Contributing an estimated 10 percent of the world’s greenhouse gas emissions, the clothing industry is a worthy candidate for this kind of labeling. But in the end, addressing the climate crisis will require a populace informed on the true cost of everything. And not just in Europe. We need to keep marching beyond this laudable first step and take this proof of concept all the way, applying it to all goods produced and services rendered.

A recurring battle cry of climate advocacy is for accountability. The legal mandate to communicate the true cost of everything is a just demand for accountability. Every company will have to collect the required data from all the purveyors in every step of their production process. In almost every case, it will be the first time these companies themselves learn the actual cost of their products and services. More than providing the information (and accountability) to their customers, this information also shows the company where they can redesign and restructure so that they can create more sustainable products and services.
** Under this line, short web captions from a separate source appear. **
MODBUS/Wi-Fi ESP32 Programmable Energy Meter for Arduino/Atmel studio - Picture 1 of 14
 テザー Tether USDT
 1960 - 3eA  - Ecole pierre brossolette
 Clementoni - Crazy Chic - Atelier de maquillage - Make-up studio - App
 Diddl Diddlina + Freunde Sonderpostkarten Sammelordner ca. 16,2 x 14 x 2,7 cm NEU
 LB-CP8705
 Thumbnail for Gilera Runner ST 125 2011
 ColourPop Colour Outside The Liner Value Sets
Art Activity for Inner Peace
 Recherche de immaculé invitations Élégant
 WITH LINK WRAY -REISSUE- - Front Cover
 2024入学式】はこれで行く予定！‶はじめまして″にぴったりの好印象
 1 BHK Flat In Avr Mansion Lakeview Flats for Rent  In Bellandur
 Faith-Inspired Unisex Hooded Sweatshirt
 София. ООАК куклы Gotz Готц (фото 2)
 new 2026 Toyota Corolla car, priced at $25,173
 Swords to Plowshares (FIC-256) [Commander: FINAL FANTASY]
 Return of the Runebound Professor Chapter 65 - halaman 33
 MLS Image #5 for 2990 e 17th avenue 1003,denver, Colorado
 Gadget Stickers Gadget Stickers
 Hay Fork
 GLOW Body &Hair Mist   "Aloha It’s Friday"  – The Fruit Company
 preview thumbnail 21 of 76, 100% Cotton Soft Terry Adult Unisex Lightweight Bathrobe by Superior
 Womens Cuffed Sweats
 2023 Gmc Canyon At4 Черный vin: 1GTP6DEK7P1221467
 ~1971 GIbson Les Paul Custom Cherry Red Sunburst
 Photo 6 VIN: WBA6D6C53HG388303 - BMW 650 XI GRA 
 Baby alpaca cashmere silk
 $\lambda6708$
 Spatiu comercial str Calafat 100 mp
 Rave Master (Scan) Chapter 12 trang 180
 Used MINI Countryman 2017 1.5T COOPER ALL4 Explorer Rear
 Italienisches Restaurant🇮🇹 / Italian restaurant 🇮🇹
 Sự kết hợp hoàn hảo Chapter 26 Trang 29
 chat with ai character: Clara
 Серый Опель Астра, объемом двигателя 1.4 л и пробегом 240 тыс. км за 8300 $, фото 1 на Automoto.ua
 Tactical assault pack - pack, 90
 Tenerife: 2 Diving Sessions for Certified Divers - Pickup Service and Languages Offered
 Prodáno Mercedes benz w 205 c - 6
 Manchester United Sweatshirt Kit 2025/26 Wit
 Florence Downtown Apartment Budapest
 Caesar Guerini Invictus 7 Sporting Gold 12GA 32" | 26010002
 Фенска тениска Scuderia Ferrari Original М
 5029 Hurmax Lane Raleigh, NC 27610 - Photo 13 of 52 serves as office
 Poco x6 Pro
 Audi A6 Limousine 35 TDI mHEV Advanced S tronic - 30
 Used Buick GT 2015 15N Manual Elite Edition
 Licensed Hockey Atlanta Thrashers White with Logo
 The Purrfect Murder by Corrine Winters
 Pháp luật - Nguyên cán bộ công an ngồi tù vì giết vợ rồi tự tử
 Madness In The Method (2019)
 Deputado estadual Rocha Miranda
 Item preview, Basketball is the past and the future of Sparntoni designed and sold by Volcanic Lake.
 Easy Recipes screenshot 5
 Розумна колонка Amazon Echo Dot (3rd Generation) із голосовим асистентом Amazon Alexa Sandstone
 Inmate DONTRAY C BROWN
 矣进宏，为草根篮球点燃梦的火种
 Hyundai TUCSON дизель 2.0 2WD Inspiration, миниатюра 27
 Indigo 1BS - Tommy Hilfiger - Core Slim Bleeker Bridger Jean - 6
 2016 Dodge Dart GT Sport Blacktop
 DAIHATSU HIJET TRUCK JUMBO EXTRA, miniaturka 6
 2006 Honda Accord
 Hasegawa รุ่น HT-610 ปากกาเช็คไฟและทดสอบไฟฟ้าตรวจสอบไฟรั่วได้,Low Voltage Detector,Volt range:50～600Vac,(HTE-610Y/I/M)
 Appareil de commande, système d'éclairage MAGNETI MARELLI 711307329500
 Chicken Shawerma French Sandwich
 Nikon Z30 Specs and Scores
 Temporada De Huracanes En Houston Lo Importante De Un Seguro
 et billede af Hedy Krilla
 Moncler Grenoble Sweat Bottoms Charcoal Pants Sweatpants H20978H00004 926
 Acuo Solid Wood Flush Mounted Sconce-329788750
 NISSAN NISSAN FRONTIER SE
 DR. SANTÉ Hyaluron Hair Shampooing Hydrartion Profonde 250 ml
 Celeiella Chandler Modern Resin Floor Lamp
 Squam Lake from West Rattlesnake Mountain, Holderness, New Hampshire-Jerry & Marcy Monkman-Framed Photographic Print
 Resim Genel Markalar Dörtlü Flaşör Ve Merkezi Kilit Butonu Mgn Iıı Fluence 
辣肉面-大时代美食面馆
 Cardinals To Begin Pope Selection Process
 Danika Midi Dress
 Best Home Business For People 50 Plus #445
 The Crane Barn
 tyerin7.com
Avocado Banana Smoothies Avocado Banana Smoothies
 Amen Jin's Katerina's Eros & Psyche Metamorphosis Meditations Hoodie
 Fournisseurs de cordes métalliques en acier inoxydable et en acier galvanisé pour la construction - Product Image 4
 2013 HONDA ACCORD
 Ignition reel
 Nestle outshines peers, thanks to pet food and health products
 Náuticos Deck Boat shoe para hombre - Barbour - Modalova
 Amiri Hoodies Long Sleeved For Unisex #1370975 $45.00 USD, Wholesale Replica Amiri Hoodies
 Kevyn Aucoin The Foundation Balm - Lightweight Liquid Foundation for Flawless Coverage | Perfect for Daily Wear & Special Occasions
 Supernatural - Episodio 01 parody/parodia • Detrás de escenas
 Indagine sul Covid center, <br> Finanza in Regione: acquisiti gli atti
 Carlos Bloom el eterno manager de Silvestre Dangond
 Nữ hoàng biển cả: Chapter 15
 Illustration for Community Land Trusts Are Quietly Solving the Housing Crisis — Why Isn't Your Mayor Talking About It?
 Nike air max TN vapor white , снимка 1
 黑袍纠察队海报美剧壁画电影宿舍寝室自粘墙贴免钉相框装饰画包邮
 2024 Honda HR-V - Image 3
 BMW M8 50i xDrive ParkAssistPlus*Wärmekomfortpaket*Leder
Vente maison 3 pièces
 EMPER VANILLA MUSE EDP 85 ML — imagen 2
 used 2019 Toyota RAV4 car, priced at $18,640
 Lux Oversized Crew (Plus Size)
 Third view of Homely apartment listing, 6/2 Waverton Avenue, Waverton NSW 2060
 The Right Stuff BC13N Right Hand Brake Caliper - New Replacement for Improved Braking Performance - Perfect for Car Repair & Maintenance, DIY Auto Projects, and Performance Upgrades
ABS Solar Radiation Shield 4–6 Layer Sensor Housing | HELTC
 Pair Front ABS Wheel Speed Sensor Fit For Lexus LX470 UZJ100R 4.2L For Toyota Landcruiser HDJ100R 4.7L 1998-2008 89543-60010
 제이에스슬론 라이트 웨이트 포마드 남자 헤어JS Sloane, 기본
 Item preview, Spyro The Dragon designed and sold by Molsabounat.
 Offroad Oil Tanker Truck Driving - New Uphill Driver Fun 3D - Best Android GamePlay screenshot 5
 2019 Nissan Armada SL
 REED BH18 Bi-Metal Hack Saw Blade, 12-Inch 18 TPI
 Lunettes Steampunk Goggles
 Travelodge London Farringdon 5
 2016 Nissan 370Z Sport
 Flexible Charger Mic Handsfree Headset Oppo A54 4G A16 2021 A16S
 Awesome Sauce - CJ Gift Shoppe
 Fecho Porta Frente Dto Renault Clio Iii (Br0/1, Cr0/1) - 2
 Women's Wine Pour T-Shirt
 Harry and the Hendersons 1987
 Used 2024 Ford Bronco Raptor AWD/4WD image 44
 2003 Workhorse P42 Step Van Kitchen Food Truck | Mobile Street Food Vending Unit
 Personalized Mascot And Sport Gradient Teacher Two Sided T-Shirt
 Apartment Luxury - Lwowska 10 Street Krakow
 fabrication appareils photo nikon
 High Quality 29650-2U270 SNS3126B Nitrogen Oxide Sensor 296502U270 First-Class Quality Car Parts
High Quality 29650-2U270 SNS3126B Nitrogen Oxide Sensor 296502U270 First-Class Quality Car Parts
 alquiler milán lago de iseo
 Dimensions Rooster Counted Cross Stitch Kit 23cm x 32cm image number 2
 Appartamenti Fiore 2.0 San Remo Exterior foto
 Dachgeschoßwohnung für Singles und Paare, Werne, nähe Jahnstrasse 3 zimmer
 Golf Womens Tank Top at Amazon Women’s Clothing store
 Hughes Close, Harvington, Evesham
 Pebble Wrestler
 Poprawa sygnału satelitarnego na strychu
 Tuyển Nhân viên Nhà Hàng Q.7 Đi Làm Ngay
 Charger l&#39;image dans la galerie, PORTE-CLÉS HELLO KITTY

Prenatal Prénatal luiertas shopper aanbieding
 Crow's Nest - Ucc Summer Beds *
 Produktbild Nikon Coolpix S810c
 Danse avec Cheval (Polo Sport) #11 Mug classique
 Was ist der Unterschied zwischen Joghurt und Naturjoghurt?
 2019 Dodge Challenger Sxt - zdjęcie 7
But a better informed consumer needs an additional piece of information. They need to know what they can buy instead if the labels before them all appear to provide unsustainable products. Without an alternative, there is paralysis and nothing changes. Labeling the true cost of everything shows us who is doing better than others (or than they themselves were doing previously), but consumers will want to start seeing a better value for their money. Right now, truly sustainable quality products like the shirts made by Tuckerman & Co. are not cost competitive. Making prices tell the truth begins to change that as organic cotton grown with a concern for regenerating the soil would cost the same or maybe less than cotton grown with fertilizers that damage the air and water and pesticides that harm both people and wildlife. The consumer would then buy less shirts but they would last longer and be better for the planet. This would be true of all products and services as they are produced sustainably, priced accordingly, and designed to last. It would mean the end of planned obsolescence. A small portion of the population can shop this way now, but recreating our consumptive world will require changing the entire system within which everyone consumes.

Photo by Sam Lion at Pexels

It’s in support of a false dichotomy when we debate who must shoulder the blame and take responsibility for addressing the climate crisis. Many climate advocates stress that the big corporate offenders have spent billions to sell us on our individual need to recycle or to stop using plastic bags and straws to divert us from the fact that the big companies themselves are the real problem. But ultimately it’s the aggregate of individual consumers who pay these mega-offenders to do so on our behalf. And doing so is so much the water we swim in that having so much more, on average, than most of the rest of the world, and thus adding so much more to the problem, feels like nothing but normal to too many of us. At an average of 25 tons of greenhouse gas emissions per person (and please note, this is not representative so much of an “average” American as it is of the one-fifth that are emitting at levels high enough to cover about one-third of the country’s overall household emissions), Americans are putting out 5 times the average of a person living elsewhere on the planet (thirteen times as much if it is a person living in an underdeveloped country). Meanwhile, the requirement to achieve a sustainable Earth is 2 tons per person. The behaviors that perpetuate our unnecessarily excessive lifestyles must change just as those of the corporations profiting from these behaviors must.

And believe it or not, there are a few countries with an even higher per capita contribution. After them, large land-mass countries like Canada and Australia sit right there with the United States. Europe, Japan, and South Korea follow closely behind. But few people in these countries have a recent memory of, or a new model for, a different way of living. All we can conceive of is some version of poverty, of having to give up things we imagine are critical to our well-being. It won’t be enough to simply change how energy is generated. We’ll have to change ourselves in order to live contentedly in a very different world.